When a guardrail detects matching content, it can take one of the following actions:

  • Block: Completely prevent the request/response from proceeding
  • Redact: Remove or mask the sensitive content while allowing the rest to proceed
  • Replace: Substitute the sensitive content with predefined replacement text (available for custom guardrails only)
  • Log: Record the incident for monitoring and auditing purposes

Note: Provider guardrails (e.g., AWS Bedrock) may support a subset of these actions. For example, Bedrock guardrails support Block, Redact, and Log, but not Replace.

Guardrails can be configured with different severity levels to help you prioritize and categorize content issues:

  • Low: Minor content issues that should be monitored
  • Medium: Moderate content concerns that require attention
  • High: Serious content violations that need immediate action
  • Critical: Severe content threats that must be blocked immediately (available for custom guardrails only)

Note: Provider guardrails (e.g., AWS Bedrock) may support a subset of these severity levels. For example, Bedrock guardrails support Low, Medium, and High, but not Critical.

Guardrails can be applied at different points in the request/response lifecycle:

  • Input: Filter incoming user requests before they reach the model
  • Output: Filter model responses before they are sent to users
  • Input-Output: Apply filtering to both incoming requests and outgoing responses

Guardrails can have the following status values:

  • Active: The guardrail is active and will be applied when configured on models
  • Inactive: The guardrail is inactive and will not be applied
  • Disabled: The guardrail is disabled (reserved for system use)

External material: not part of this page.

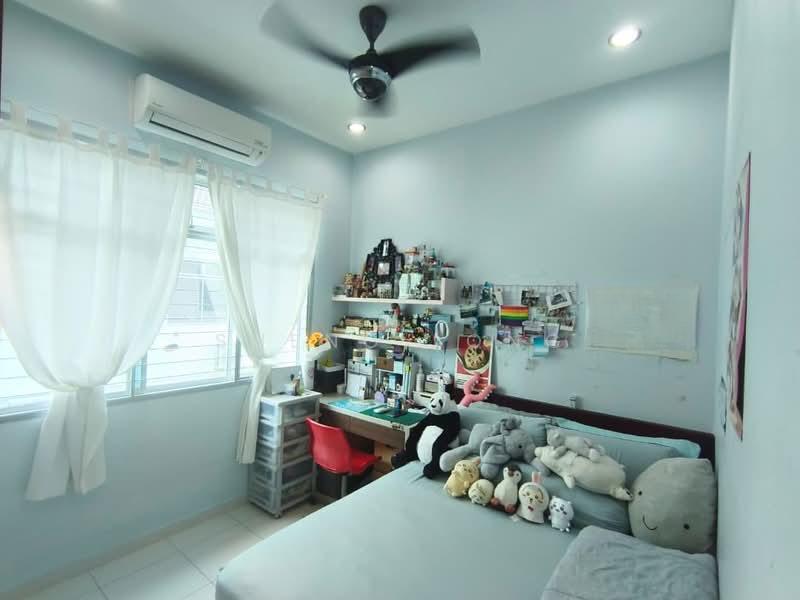Bukit Indah Avenue 8 - 5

You can set a guardrail to Inactive status to temporarily disable it without removing it from models.

FloTorch includes several pre-built guardrail templates to get you started quickly:

  • SSN Detection: Blocks Social Security Numbers in various formats (XXX-XX-XXXX, XXXXXXXXX, XXX XX XXXX)
  • Phone Number Detection: Filters phone numbers in U.S. and India formats

All guardrails are available in the Guardrails section of the FloTorch Console. When creating or configuring a FloTorch Model, you can select which guardrails to apply and configure their behavior.